Graphlab ODBC corrupting Postgresql rows with JSON or int4[]

User 2032 | 9/17/2015, 9:54:03 AM

Please, please, please use real drivers for databases from DBAPI2 standard not ODBC.

When I'm selecting json or array data I get a string with the data and, most of the times it is corrupted beyond repair for larger tables or json objects. Right now an only reliable way to get data from postgress is via a pandas proxy:

import numpy as np
from datetime import datetime 
import pandas as pd
import graphlab as gl

def sframes_from_postgres(query, conn, chunk_size=10000):
    dfs = pd.read_sql(query, conn, chunksize=chunk_size)

    for df in dfs:
        date_columns = []
        for t, c in zip(df.dtypes, df.columns):
            if np.issubdtype(t, np.datetime64):
                date_columns.append(c)

        df[date_columns] = df[date_columns].apply(np.datetime_as_string)

        yield gl.SFrame(df)
  • you need to be carefull with fillna and other things because graphlab sometimes cannot infer column types.

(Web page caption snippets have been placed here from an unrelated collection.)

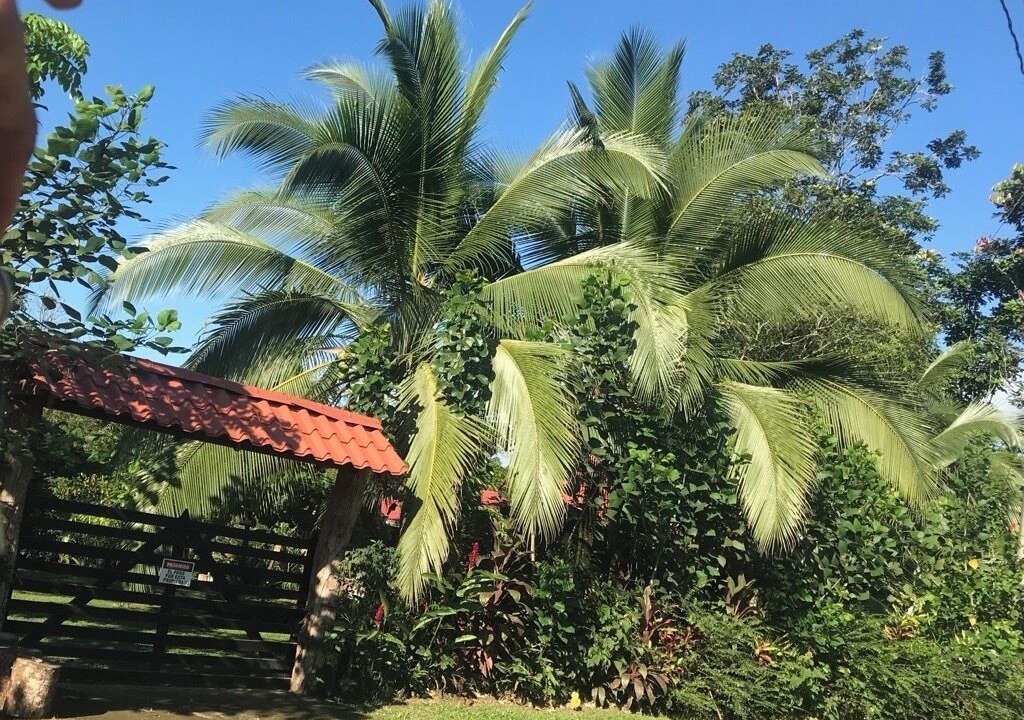 Photo of Outdoor in Horquetas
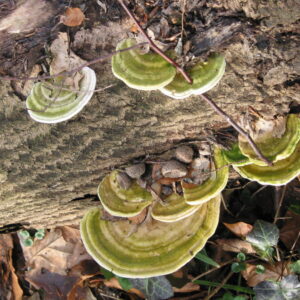 Trúdnikovec hrbatý (Trametes gibbosa)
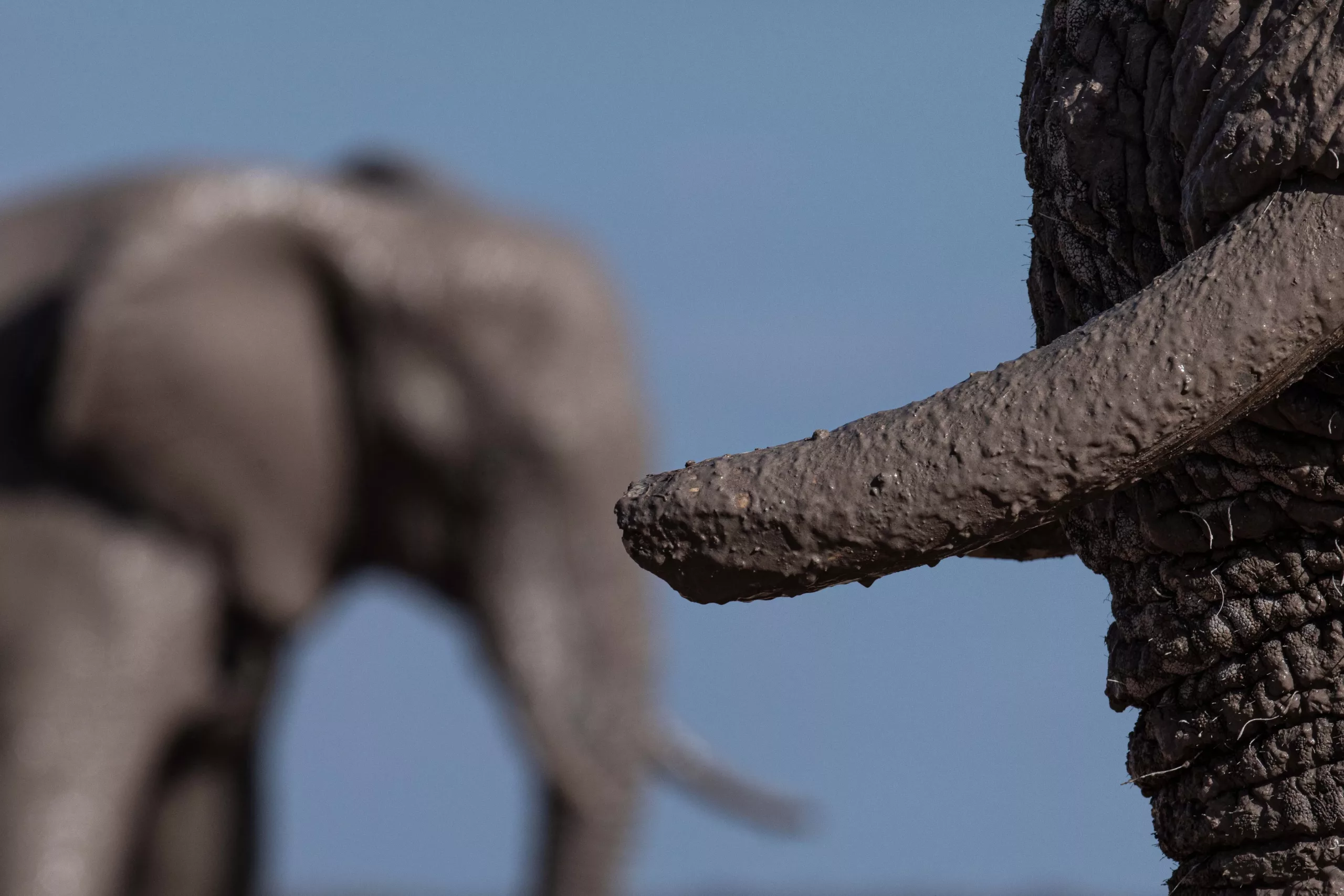 william steel nxai pan elephant tusk William Steel - Nxai Pan - Elephant Tusk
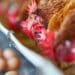 ICYMI: Rising feed costs a concern for poultry, livestock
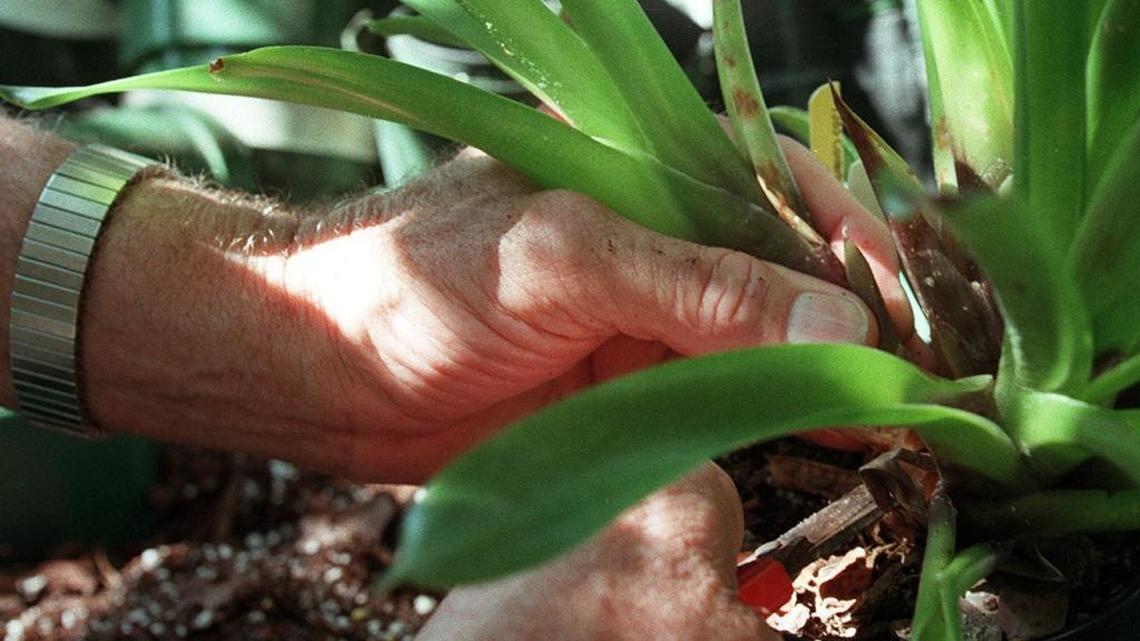 What to know about pruning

Another thing is that graphlab cannot parse np.datetime64[ns] and I have to waste CPU on explicit conversion to strings and then from strings (converting to regular datetime does not work).

Comments

User 15 | 9/17/2015, 5:46:40 PM

Agreed that ODBC is not nice to work with. We went with ODBC to avoid the performance penalty of the exact case you show in your code snippet. Since we store all the data in the C++ engine, in order to support DBAPI we would have to pipe all data through Python and then to C++ through IPC, since they run in separate processes. It was deemed to be far too expensive for large amounts of data, and we opted for a Python-agnostic, straight C++ solution. Things are potentially changing on that front, in which case we could move to DBAPI, which I really hope happens soon. I'll keep you updated.

In this case, yes, the ODBC standard was created before anything like lists or JSON were around, so it doesn't support these types. It looks like the PostgreSQL ODBC driver makes a best effort with these types to convert to string, and doesn't do a very good job of it (which is understandable).

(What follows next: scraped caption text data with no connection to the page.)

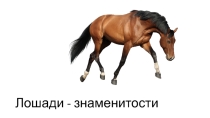 Знаменитости конного спорта среди лошадей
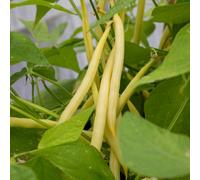 Marshalls Garden Monte Gusto Climbing French Bean Seeds - Stringless, 120 Seeds
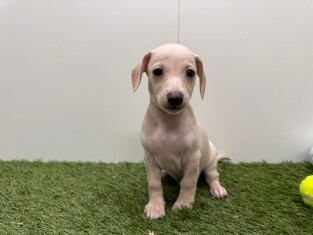 Kruising Italiaans Windhondje x Teckel reu Puppy te koop 010725056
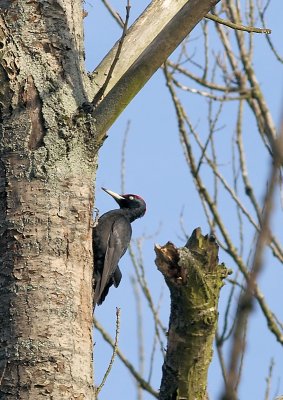 Zwarte Specht - Black Woodpecker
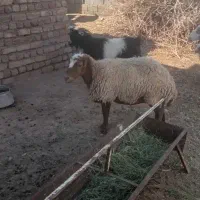 میش چاق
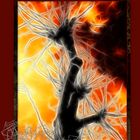 Burning Tree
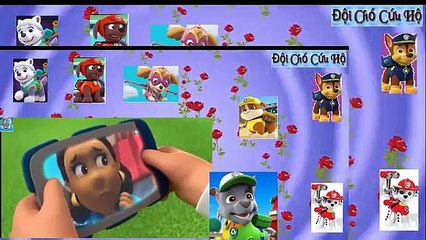 Những chú chó cứu hộ - cuộc thi got Tallent -paw patrol rescue dog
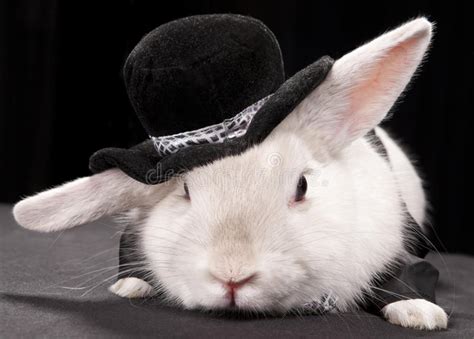 Cute Rabbit In Top Hat And Bow Ti Stock Image Image Of Celebration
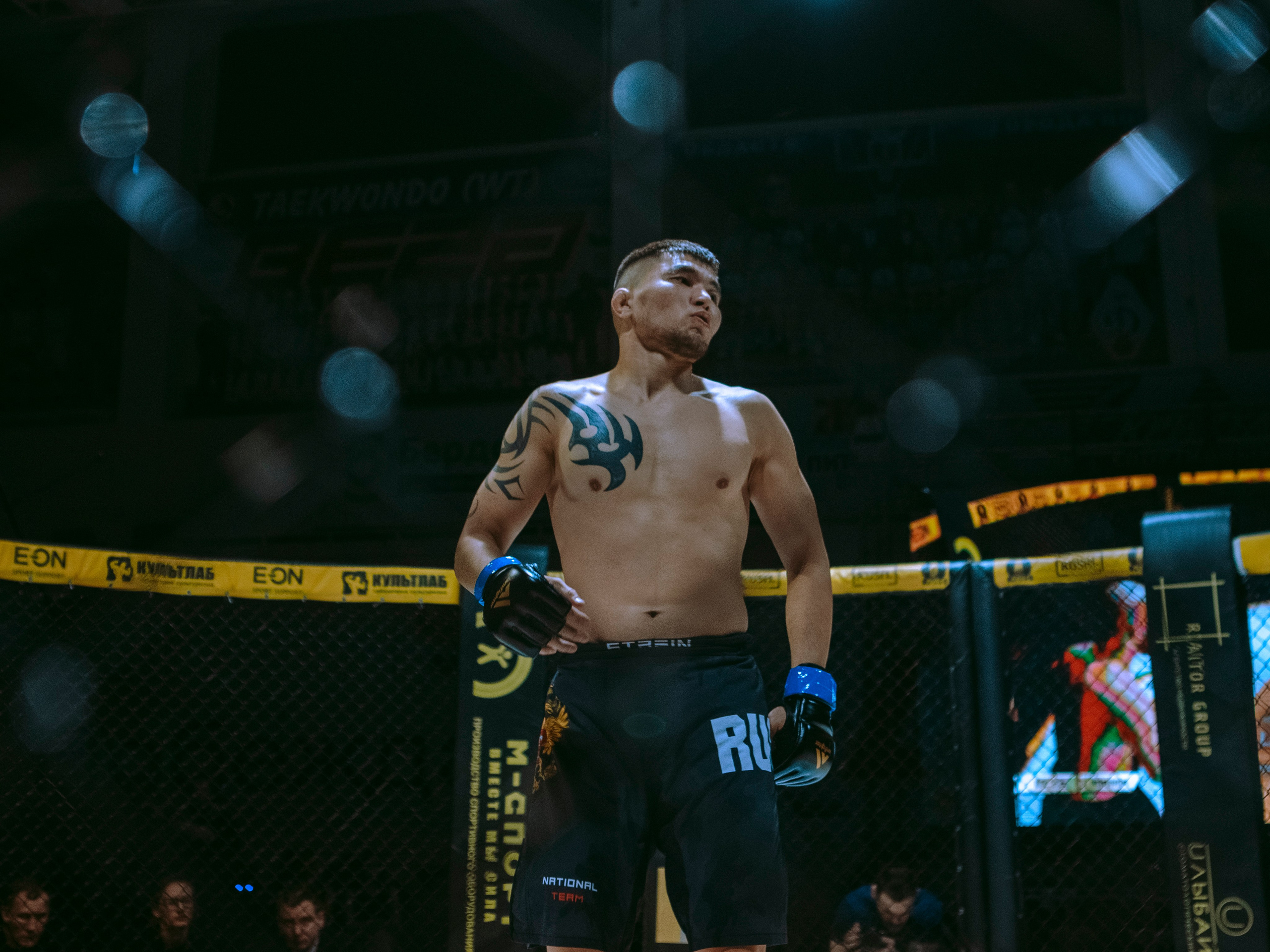 SFL 17 | Siberian Fighting League. Портретный фотограф в Москве Дарья Цезария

I don't have enough context on your report about fillna to know what you're talking about.

When you say we can't parse np.datetime64[ns] is this from a pandas dataframe?


User 2032 | 9/17/2015, 6:09:31 PM

Hi Evan,

I understand that ODBC gives you a broader set of covered databases but for industry leaders such as MySQL, Oracle and Postgresql you could use their C++ drivers, i.e. libpg++ without sacrificing performance. I don't think that (at least for reading from databases) this would be such a challenge to implement (not sure though).

Regarding datetime64 issue - pandas parses dates from postgres to np.datetime64[ns] which confuses the hell out of graphlab and sf = gl.SFrame(df) fails (datetime64 has no property year).

Regarding fillna this was my mistake ;)


User 2032 | 9/17/2015, 6:17:32 PM

My current workaround seems to be quite efficient if not for the datetime conversions - if you could solve this issue my workaround should be quite good for now.


User 15 | 9/18/2015, 9:30:29 PM

I can take a look at converting datetime64. If the only issue is the lack of a "year", perhaps there's a simpler, more efficient workaround.

You're a little more optimistic on the simplicity of the DB-specific C++ interfaces than I am. Probably because I spent a non-zero portion of my life writing our ODBC connector :). I was certainly aware of those options before we elected ODBC. If there's a clear, runaway favorite of databases among our customers, I'd certainly consider it in the future, but I think we're much more in to general solutions. I'll push to re-evaluate our DB compatibility. I think we can come up with something that greatly improves our users' life in respect to this.